- What the task asks:
Within the entries below, please retype exactly the lines starting with the line that has "Hey DIY decorators!" and going on through the line that has "14 fours are", but not the pictures.

#### Extracted data ####

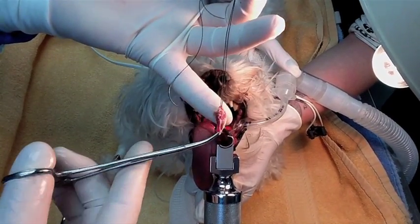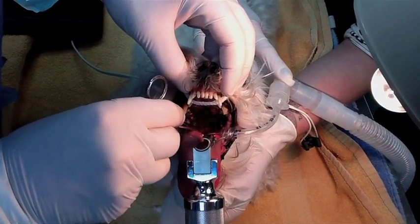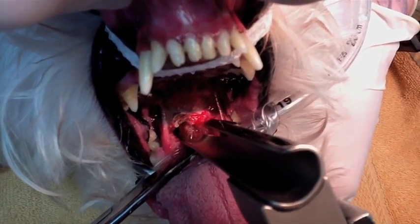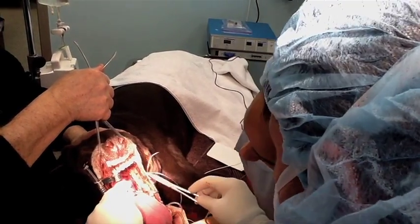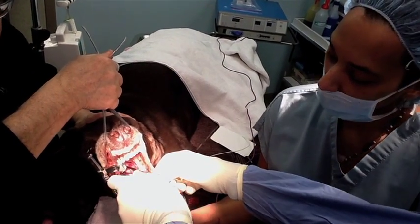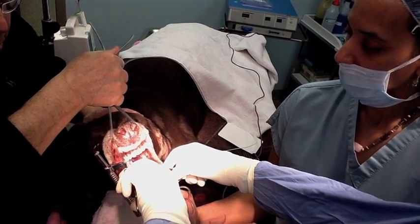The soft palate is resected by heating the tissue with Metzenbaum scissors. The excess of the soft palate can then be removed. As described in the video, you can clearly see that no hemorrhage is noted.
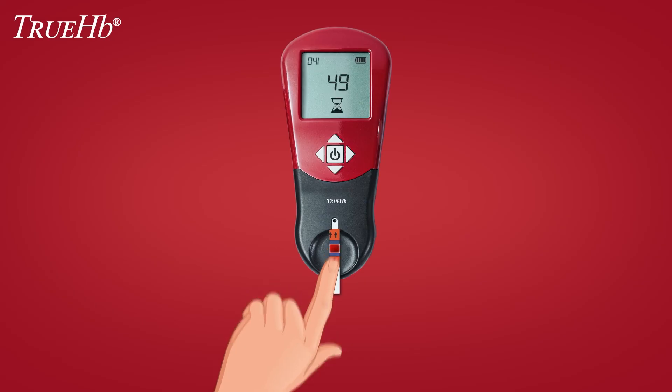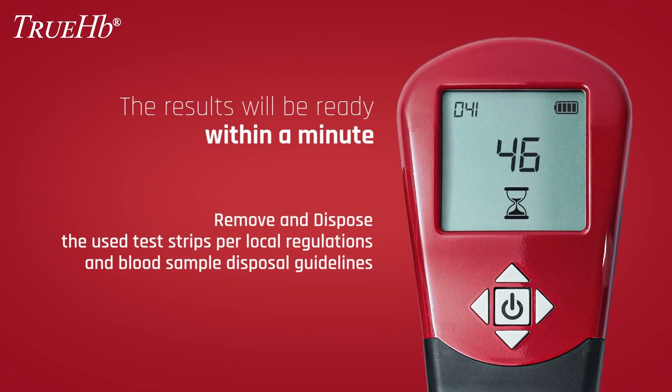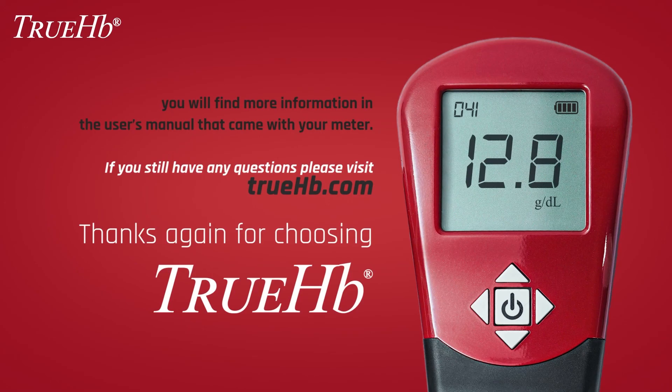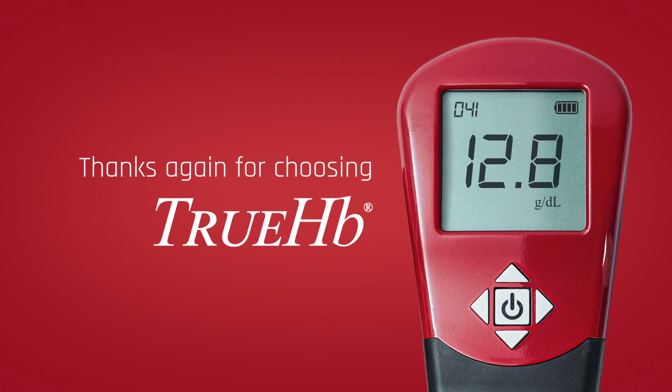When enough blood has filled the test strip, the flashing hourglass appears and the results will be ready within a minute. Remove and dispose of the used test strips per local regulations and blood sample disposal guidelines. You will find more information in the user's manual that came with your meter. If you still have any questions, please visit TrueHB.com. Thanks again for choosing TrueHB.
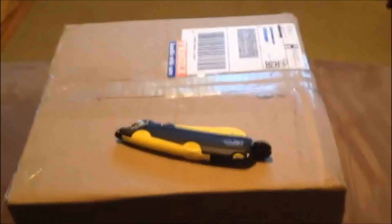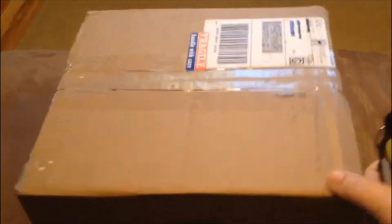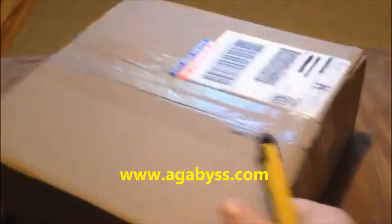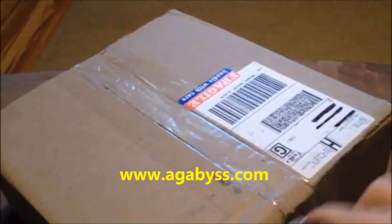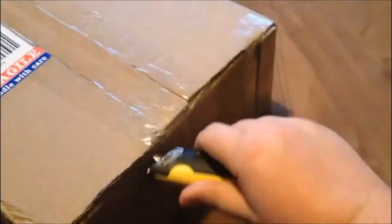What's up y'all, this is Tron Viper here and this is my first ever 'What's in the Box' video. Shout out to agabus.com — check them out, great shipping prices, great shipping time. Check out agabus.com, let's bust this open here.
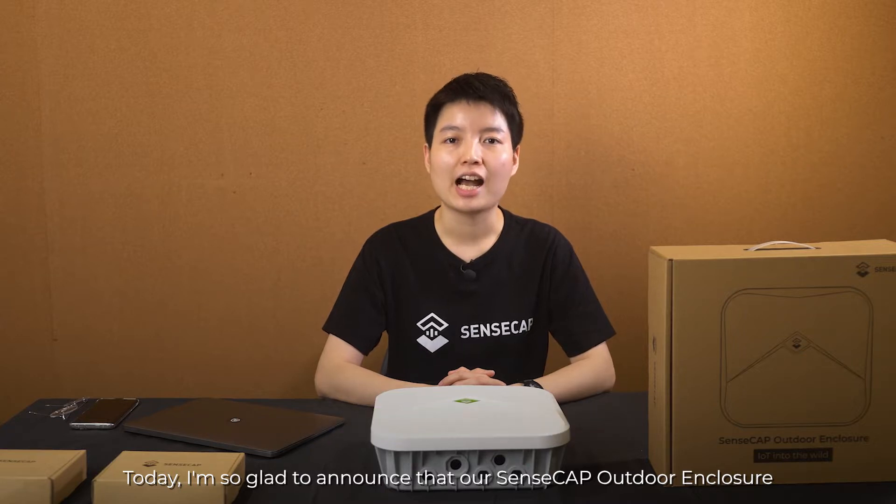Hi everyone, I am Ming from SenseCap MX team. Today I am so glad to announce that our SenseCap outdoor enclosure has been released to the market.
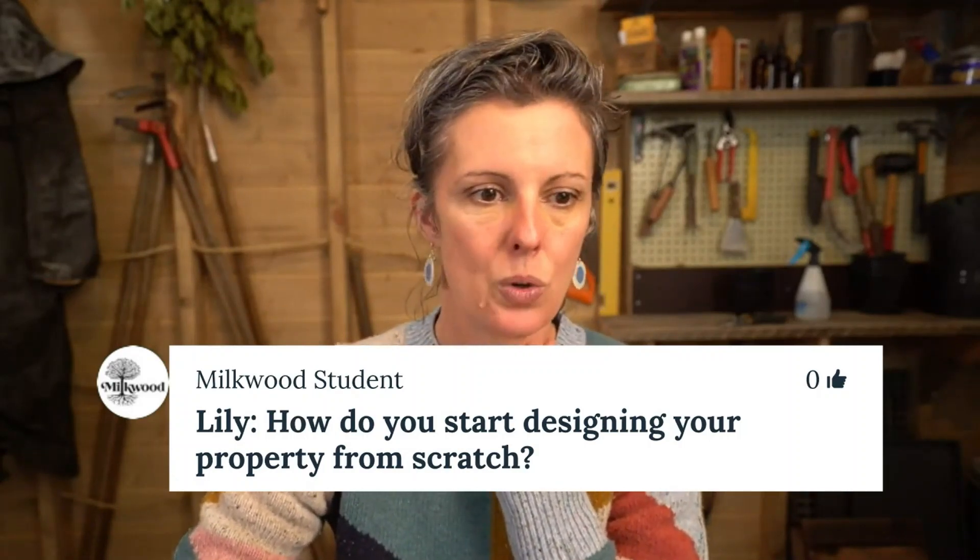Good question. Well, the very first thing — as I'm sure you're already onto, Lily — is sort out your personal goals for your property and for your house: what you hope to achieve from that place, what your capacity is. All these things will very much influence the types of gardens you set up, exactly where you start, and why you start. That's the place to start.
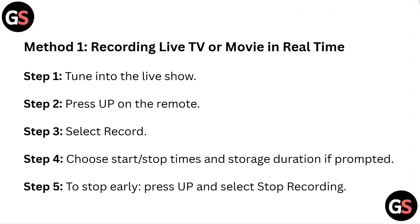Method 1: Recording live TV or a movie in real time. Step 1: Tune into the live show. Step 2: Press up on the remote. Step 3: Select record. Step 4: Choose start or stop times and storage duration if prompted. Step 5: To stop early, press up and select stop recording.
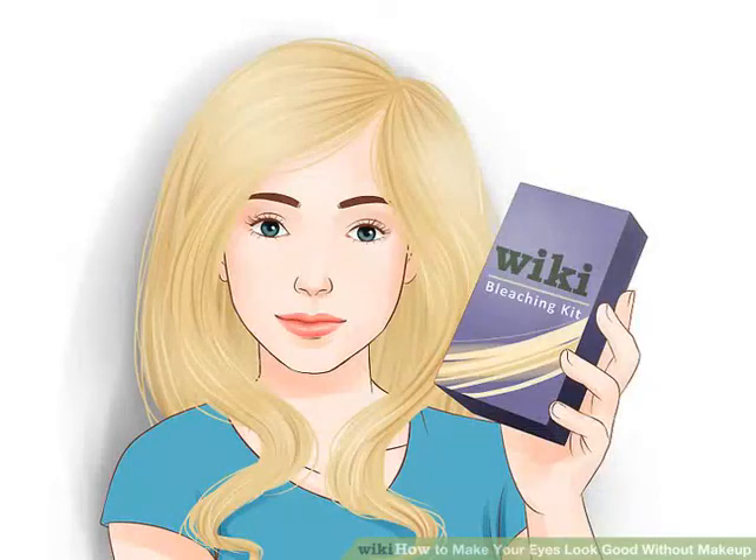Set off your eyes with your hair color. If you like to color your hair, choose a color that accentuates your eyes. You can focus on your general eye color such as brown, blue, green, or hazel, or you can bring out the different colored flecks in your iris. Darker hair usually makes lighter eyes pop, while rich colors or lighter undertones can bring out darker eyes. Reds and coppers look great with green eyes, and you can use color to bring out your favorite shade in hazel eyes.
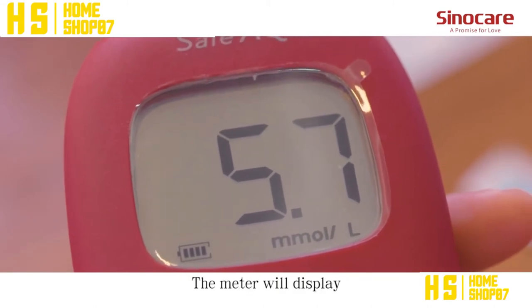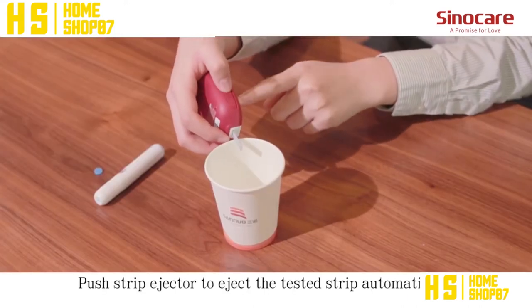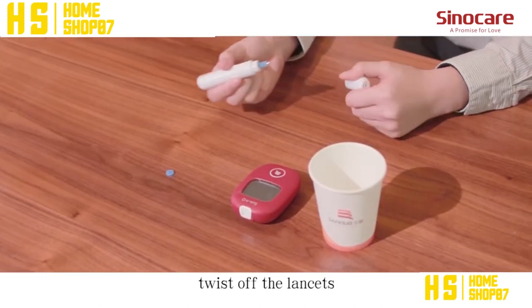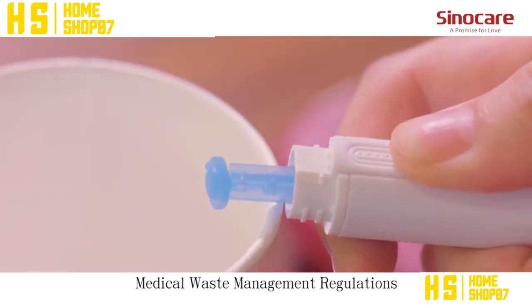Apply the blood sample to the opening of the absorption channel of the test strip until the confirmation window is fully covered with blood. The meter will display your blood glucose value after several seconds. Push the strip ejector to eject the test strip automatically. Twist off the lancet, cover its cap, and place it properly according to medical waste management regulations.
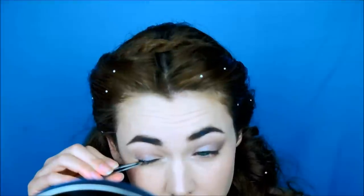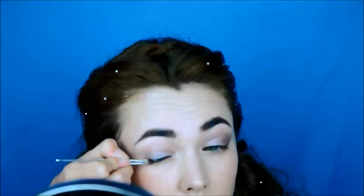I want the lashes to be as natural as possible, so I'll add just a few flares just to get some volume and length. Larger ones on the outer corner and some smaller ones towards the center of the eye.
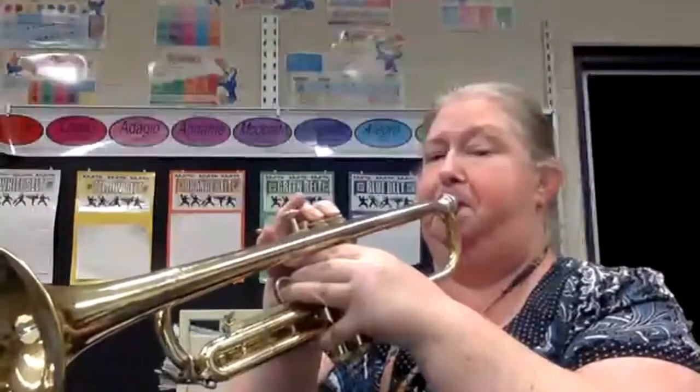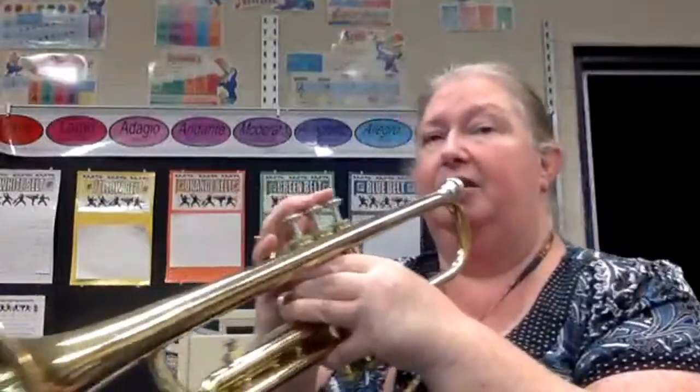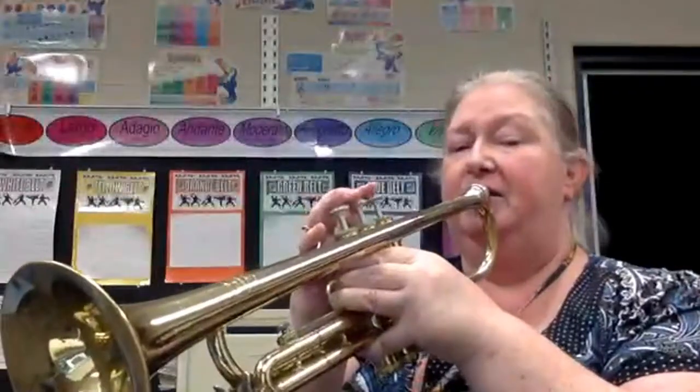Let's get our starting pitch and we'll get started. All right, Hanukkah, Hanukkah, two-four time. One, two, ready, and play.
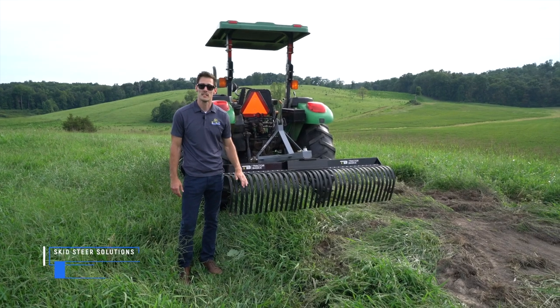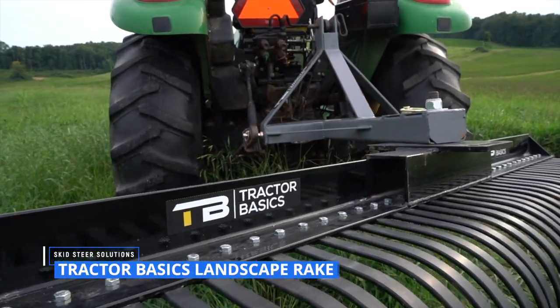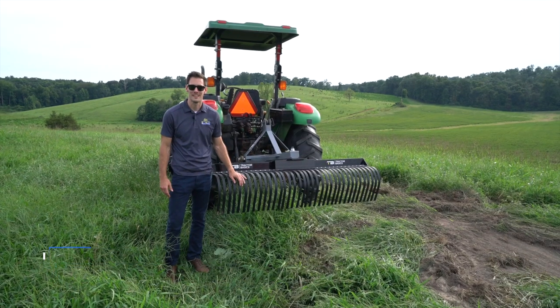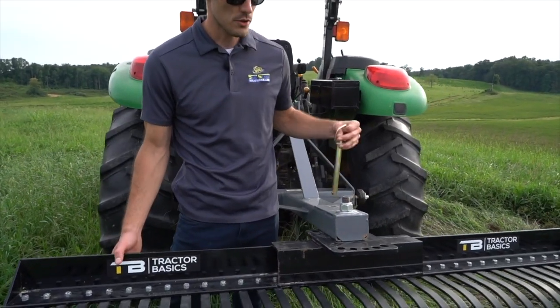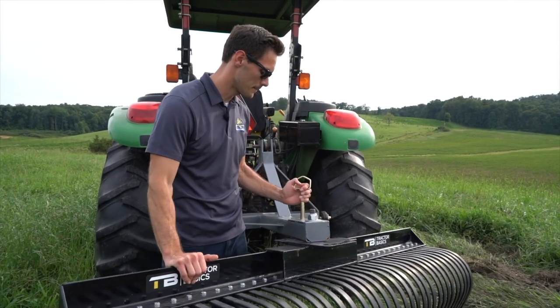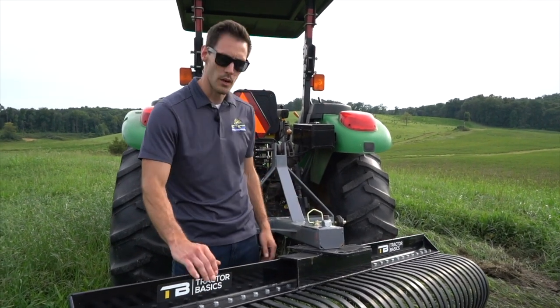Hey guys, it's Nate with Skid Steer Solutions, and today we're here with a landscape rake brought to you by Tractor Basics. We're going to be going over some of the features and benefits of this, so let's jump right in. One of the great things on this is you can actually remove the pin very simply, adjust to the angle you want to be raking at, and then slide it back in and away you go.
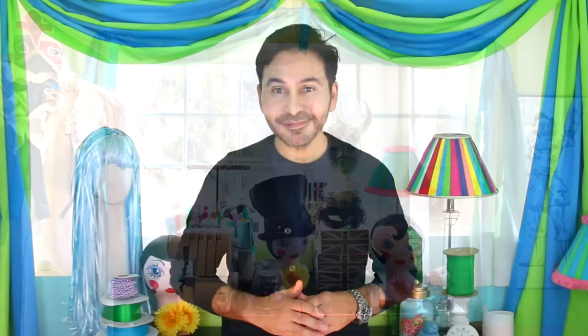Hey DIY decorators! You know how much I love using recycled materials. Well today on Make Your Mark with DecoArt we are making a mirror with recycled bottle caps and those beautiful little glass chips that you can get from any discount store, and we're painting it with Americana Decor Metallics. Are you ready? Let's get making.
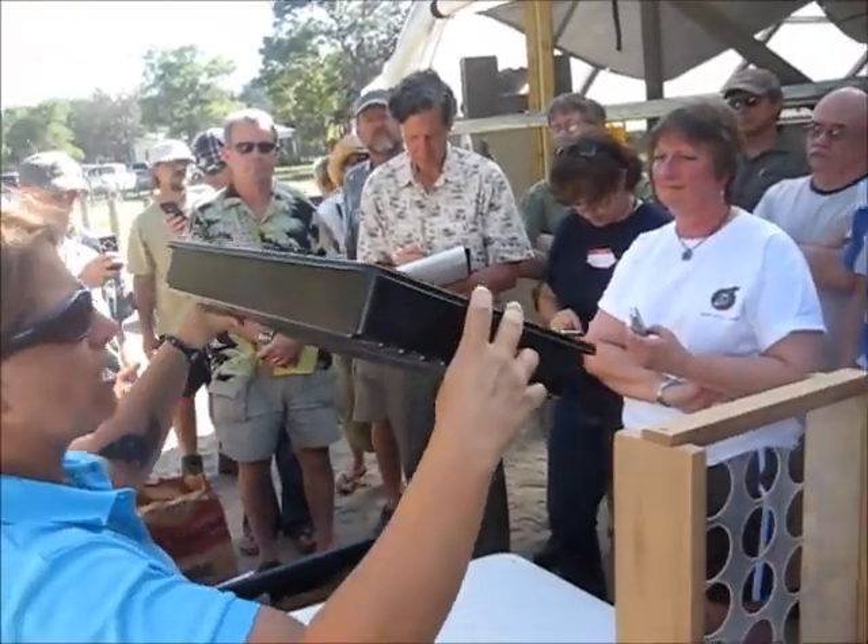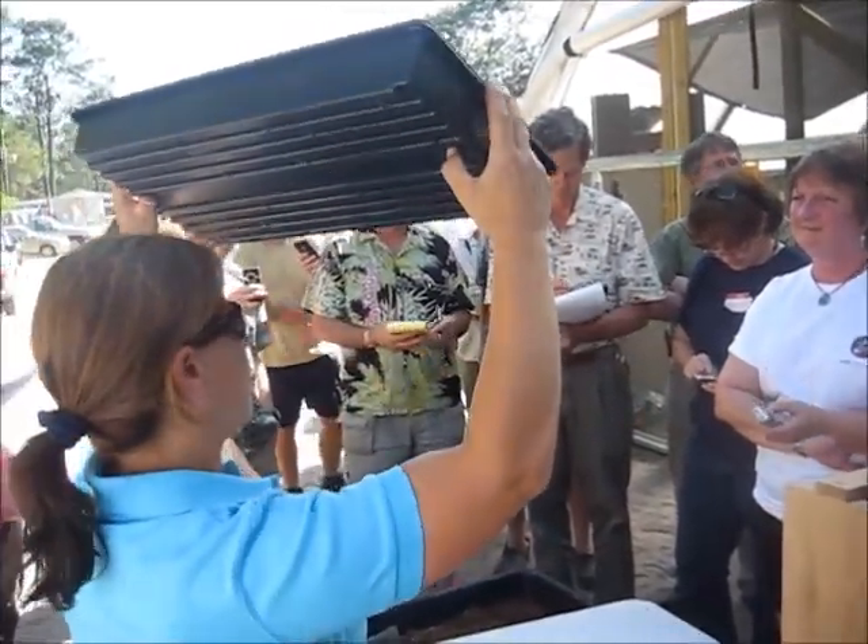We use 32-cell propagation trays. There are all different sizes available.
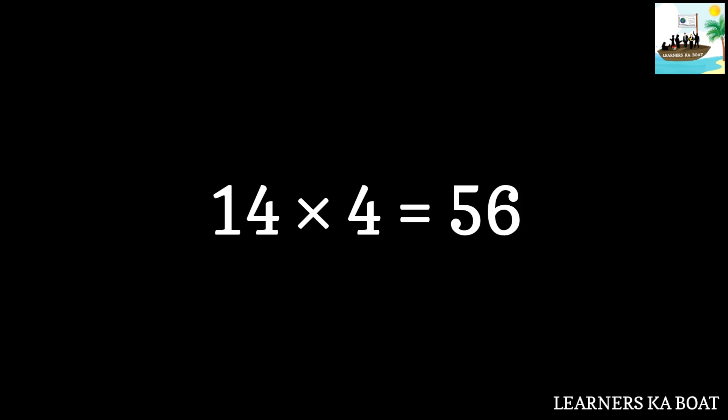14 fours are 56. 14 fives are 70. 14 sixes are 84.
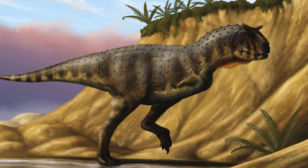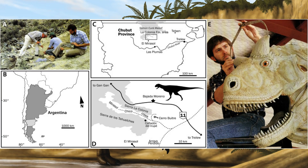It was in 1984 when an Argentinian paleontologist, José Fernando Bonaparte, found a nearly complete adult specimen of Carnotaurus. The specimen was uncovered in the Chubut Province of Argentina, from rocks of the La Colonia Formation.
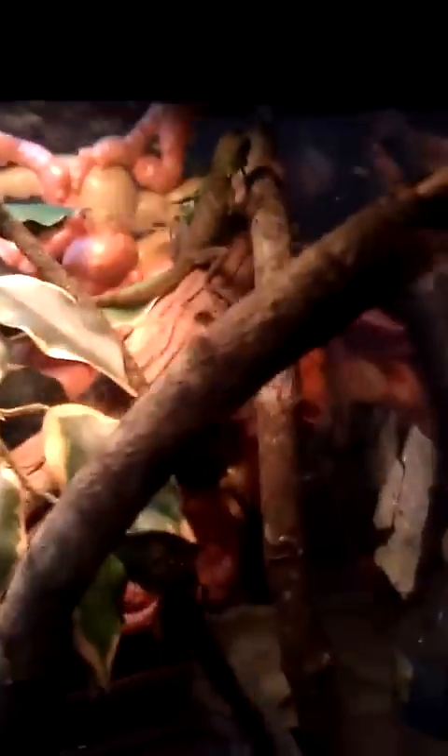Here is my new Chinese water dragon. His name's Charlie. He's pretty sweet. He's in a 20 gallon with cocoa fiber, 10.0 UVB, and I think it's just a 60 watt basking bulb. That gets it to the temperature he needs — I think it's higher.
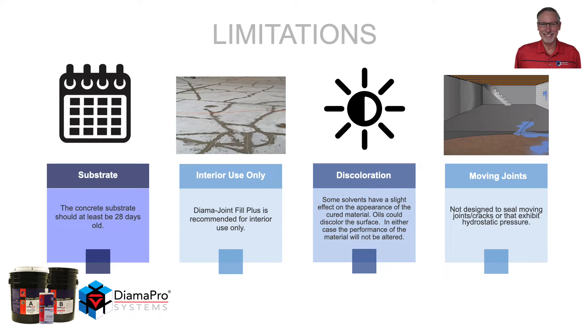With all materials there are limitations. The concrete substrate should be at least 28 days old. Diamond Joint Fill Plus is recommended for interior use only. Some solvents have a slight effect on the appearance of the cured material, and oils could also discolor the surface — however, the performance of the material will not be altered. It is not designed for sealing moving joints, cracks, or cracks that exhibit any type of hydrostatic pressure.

####

- Solved problem:
Hey DIY decorators! You know how much I love using recycled materials. Well today on Make Your Mark with DecoArt we are making a mirror with recycled bottle caps and those beautiful little glass chips that you can get from any discount store, and we're painting it with Americana Decor Metallics. Are you ready? Let's get making.
We use 32-cell propagation trays. There are all different sizes available.
14 fours are 56. 14 fives are 70. 14 sixes are 84.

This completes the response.